Operating on large cluster

2014-10-23 Thread Alain RODRIGUEZ
Hi,

I was wondering about how do you guys handle a large cluster (50+ machines).

I mean there is sometime you need to change configuration (cassandra.yaml)
or send a command to one, some or all nodes (cleanup, upgradesstables,
setstramthoughput or whatever).

So far we have been using things like custom scripts for repairs or any
routine maintenance and cssh for specific and one shot actions on the
cluster. But I guess this doesn't really scale, I guess we coul use pssh
instead. For configuration changes we use Capistrano that might scale
properly.

So I would like to known, what are the methods that operators use on large
cluster out there ? Have some of you built some open sourced "cluster
management" interfaces or scripts that could make things easier while
operating on large Cassandra clusters ?

Alain


Re: Operating on large cluster

2014-10-23 Thread Jens Rantil
Hi,


While I am nowhere close to 50+ machines I've been using Saltstack for both 
configuration management as well as remote execution. I has worked great for me 
and supposedly scales to 1000+ machines.




Cheers,

Jens


—
Sent from Mailbox

On Thu, Oct 23, 2014 at 11:18 AM, Alain RODRIGUEZ 
wrote:

> Hi,
> I was wondering about how do you guys handle a large cluster (50+ machines).
> I mean there is sometime you need to change configuration (cassandra.yaml)
> or send a command to one, some or all nodes (cleanup, upgradesstables,
> setstramthoughput or whatever).
> So far we have been using things like custom scripts for repairs or any
> routine maintenance and cssh for specific and one shot actions on the
> cluster. But I guess this doesn't really scale, I guess we coul use pssh
> instead. For configuration changes we use Capistrano that might scale
> properly.
> So I would like to known, what are the methods that operators use on large
> cluster out there ? Have some of you built some open sourced "cluster
> management" interfaces or scripts that could make things easier while
> operating on large Cassandra clusters ?
> Alain

Re: Operating on large cluster

2014-10-23 Thread Ranjib Dey
We use chef for configuration management and blender for on demand jobs

https://github.com/opscode/chef
https://github.com/PagerDuty/blender
 On Oct 23, 2014 2:18 AM, "Alain RODRIGUEZ"  wrote:

> Hi,
>
> I was wondering about how do you guys handle a large cluster (50+
> machines).
>
> I mean there is sometime you need to change configuration (cassandra.yaml)
> or send a command to one, some or all nodes (cleanup, upgradesstables,
> setstramthoughput or whatever).
>
> So far we have been using things like custom scripts for repairs or any
> routine maintenance and cssh for specific and one shot actions on the
> cluster. But I guess this doesn't really scale, I guess we coul use pssh
> instead. For configuration changes we use Capistrano that might scale
> properly.
>
> So I would like to known, what are the methods that operators use on large
> cluster out there ? Have some of you built some open sourced "cluster
> management" interfaces or scripts that could make things easier while
> operating on large Cassandra clusters ?
>
> Alain
>


Re: Operating on large cluster

2014-10-23 Thread Michael Shuler

On 10/23/2014 04:18 AM, Alain RODRIGUEZ wrote:

I was wondering about how do you guys handle a large cluster (50+ machines).

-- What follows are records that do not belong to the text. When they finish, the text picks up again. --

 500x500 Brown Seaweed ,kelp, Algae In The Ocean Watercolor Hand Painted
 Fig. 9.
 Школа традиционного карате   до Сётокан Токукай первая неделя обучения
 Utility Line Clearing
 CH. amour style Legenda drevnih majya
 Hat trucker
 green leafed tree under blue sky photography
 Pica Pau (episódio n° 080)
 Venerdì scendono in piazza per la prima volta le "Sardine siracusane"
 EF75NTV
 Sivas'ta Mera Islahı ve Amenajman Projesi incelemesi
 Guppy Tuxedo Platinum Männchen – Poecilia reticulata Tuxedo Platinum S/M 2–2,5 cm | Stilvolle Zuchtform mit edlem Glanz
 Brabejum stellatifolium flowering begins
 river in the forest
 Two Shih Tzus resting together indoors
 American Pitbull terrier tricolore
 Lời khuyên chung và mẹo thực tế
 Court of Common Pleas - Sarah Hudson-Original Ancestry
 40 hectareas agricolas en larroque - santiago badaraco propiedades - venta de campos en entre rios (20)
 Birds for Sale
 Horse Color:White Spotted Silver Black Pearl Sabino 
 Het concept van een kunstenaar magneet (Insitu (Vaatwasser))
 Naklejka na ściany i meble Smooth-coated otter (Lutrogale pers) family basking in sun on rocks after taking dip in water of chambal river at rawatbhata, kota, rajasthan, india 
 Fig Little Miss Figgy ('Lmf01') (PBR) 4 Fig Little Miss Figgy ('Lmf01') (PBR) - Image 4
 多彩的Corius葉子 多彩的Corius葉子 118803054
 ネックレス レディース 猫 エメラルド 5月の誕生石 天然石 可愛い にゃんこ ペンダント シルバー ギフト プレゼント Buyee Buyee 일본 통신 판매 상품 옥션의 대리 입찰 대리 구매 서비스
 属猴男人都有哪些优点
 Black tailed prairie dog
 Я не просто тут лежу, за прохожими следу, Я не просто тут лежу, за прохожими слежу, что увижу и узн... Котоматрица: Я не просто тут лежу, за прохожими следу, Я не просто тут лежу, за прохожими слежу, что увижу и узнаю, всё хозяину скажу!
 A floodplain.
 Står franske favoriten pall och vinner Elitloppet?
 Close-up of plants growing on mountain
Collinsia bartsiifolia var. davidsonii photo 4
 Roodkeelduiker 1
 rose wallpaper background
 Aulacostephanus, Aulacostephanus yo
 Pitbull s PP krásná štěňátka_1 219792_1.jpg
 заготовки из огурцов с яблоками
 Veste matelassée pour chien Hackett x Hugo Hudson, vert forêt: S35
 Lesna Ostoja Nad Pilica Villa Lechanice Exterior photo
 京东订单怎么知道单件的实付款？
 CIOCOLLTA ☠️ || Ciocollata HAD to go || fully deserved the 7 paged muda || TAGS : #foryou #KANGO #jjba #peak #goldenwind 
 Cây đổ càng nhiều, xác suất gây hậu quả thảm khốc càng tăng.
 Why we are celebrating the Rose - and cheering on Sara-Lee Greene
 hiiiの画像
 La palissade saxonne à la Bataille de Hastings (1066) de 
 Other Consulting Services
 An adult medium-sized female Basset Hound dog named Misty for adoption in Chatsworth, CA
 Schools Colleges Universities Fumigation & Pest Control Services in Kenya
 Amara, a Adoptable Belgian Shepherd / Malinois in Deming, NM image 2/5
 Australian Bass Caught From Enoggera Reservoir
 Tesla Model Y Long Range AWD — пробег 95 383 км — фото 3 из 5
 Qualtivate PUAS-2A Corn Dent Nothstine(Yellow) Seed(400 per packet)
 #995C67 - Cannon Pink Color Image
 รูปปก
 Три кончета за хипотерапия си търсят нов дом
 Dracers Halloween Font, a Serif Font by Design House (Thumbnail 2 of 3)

Configuration management tools are awesome, until they aren't. Having 
used or played with all the popular ones, and having been bitten by 
failures of those tools on large clusters, my long-time preference has 
been using a VCS to check configs and scripts in/out and parallel ssh 
(whichever one you like). Simple is good. If you don't deeply understand 
the config management system you have chosen, the unexpected may(will?) 
eventually happen. To all the servers at once.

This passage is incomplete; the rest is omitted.